● Action item
Please set down only the lines below starting with the line with "Raspberry Pi computer" and going on through the line with "Young lady shopping for a treat", verbatim and without pictures.

● Entries supplied
__________________________________________________

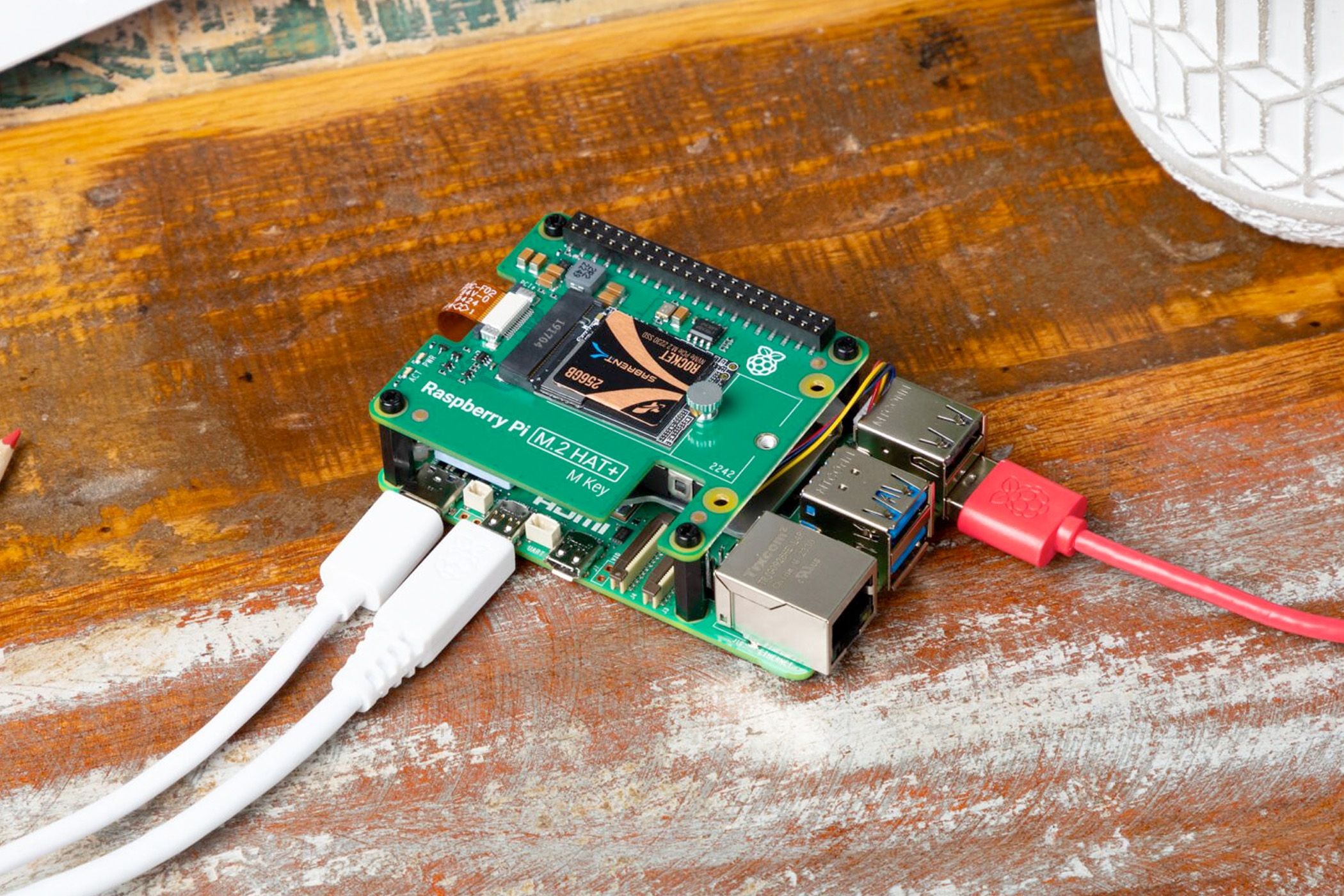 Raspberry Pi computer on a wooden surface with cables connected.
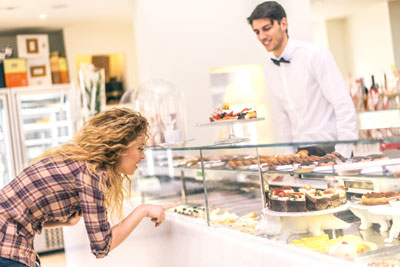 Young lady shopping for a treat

__________________________________________________

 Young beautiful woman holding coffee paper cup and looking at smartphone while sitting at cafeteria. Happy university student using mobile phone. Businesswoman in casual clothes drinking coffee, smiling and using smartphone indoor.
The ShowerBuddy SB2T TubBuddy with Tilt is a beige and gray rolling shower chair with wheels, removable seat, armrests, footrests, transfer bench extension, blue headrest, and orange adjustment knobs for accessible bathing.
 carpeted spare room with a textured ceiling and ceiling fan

__________________________________________________

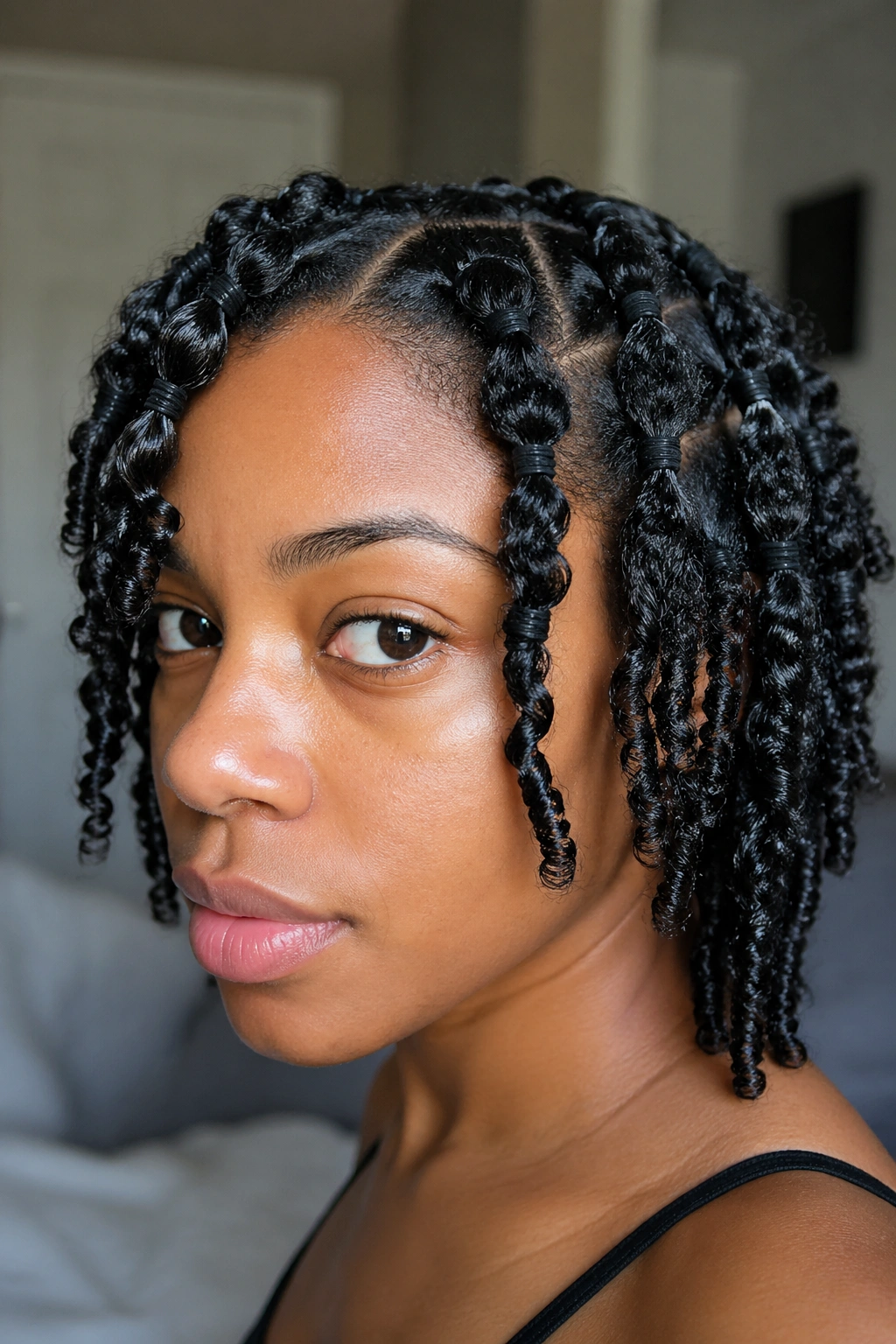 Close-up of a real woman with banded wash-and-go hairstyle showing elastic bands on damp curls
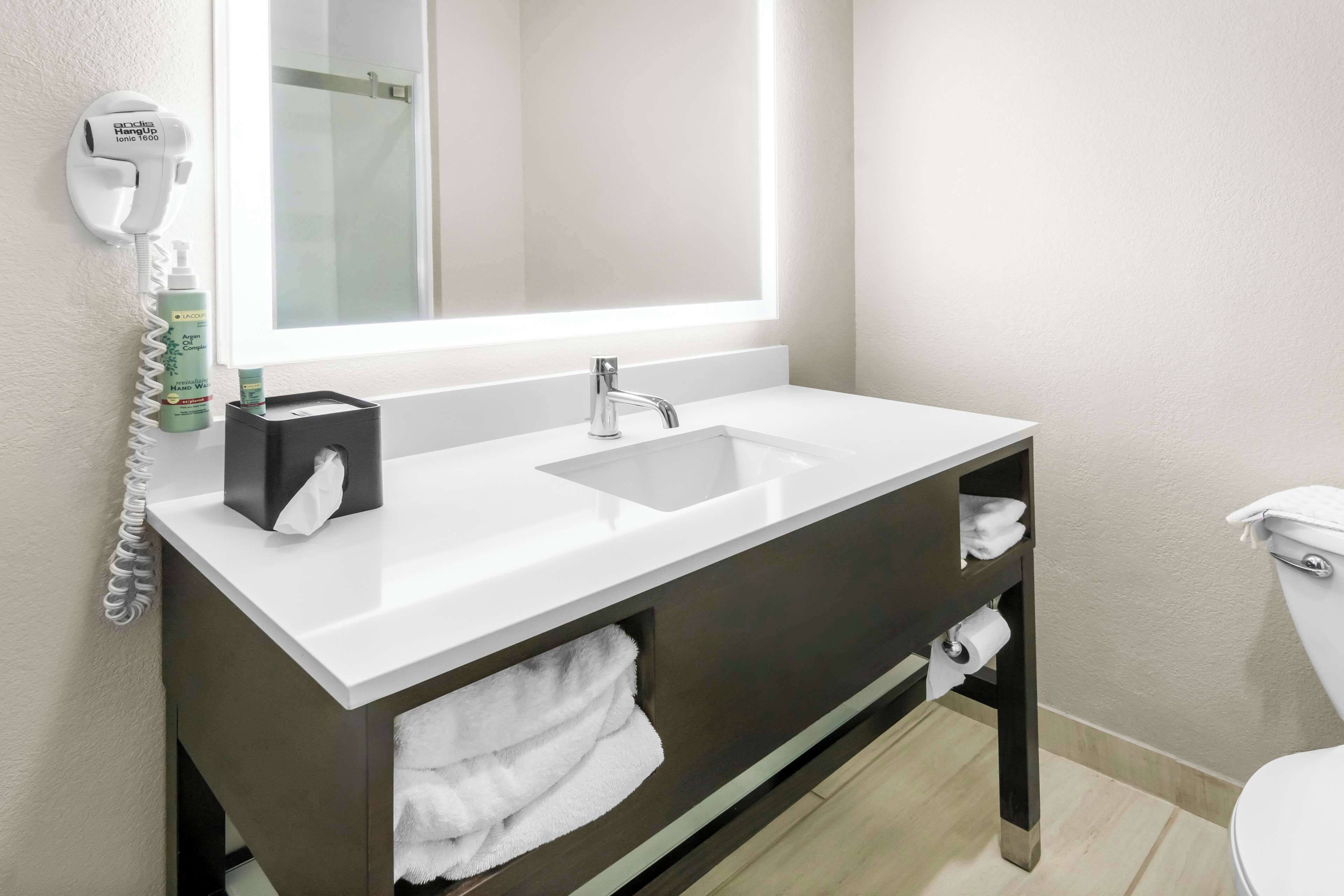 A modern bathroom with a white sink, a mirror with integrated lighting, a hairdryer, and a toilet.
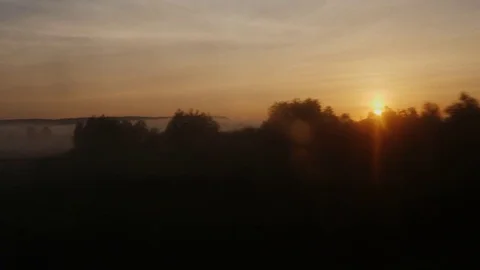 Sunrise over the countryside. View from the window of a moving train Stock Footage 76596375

__________________________________________________

● Response
 Raspberry Pi computer on a wooden surface with cables connected.
 Young lady shopping for a treat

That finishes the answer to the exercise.